Japanese chemicals and plastics company Toray Industries is on the verge of going commercial with partially bio-based polybutylene terephthalate.
Toray said its new PBT will use bio-based 1,4-butanediol developed by Genomatica of California, the US. Toray proved the viability in bench-scale testing that showed the polymer gave melded prototypes equal to petroleum-based PBT.
Toray will make new PBT samples available this year to establish demand for the partial biopolymer. The Tokyo firm said it will market the PBT commercially when 1,4-butanediol is readily available from a Genomatica licensee.
Genomatica's butanediol process involves an engineered microorganism, fermentation techniques and downstream processing. The firm proved commercial-scale production of 5 million pounds (2.2 million kilos) of the polymer intermediate in November 2012. Although other firms have explored biological methods of making butanediol, Toray claimed it is the first company to confirm use of butanediol using Genomatica's process. The development is the culmination of two years of work between the two companies.
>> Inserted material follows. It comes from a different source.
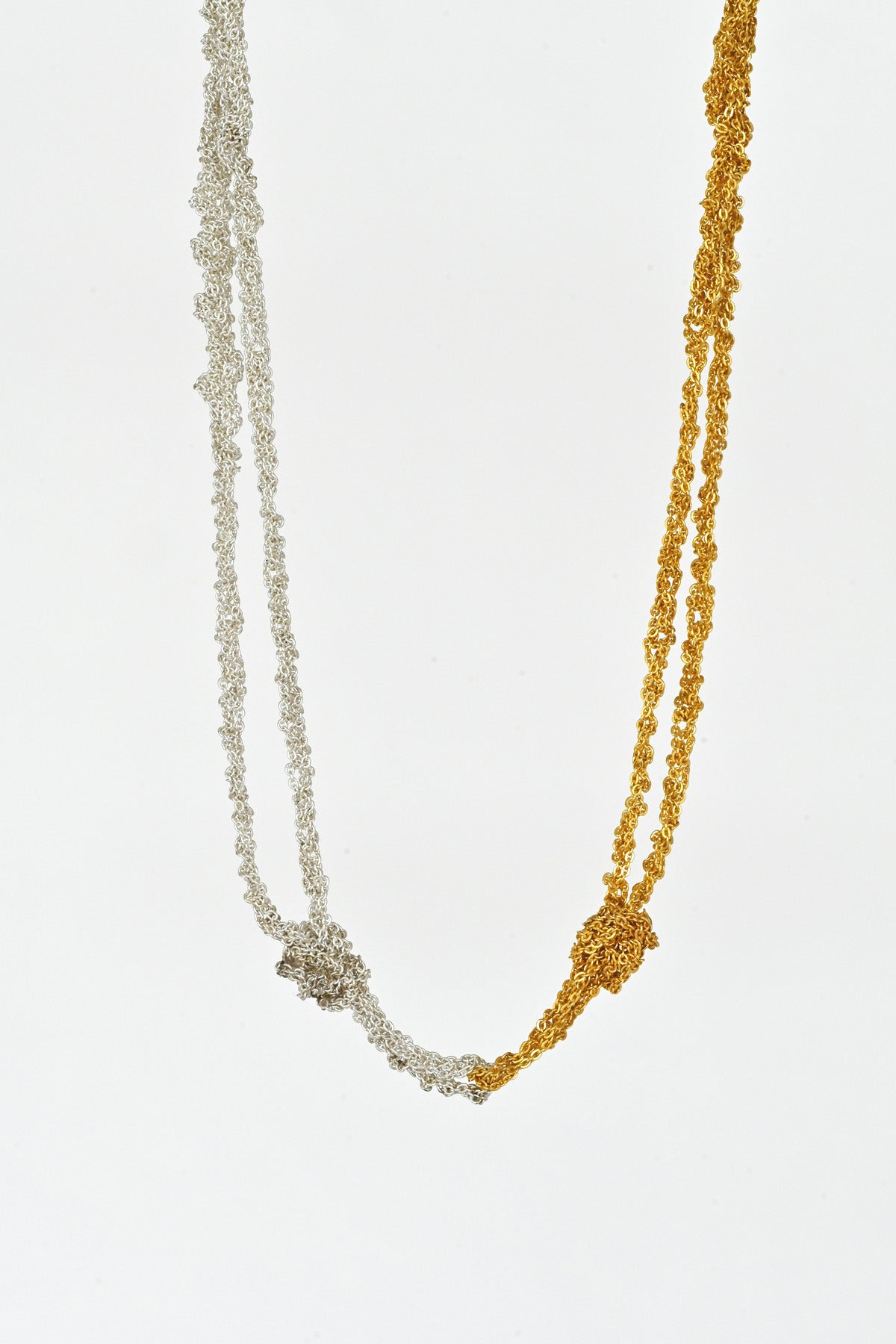 Silver and gold Siamese Choker Necklace by Arielle de Pinto at Abacus Row Handmade Jewelry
The other intermediate chemical for PBT is terephthalic acid, currently derived from petroleum. PBT is used in auto parts, electrical components and other end-uses where its tensile strength and elasticity combined with heat resistance make it a material of choice.
Toray said environmental pressures such as limited oil supply and oil price increases and concerns about carbon dioxide emissions make plastics based on biomaterials an attractive alternative.
Toray has developed bio-based PET resin and is working on bio-based nylon.
Among other Genomatica's other bio-based programs is development of butadiene, an intermediate for some polymers and rubbers.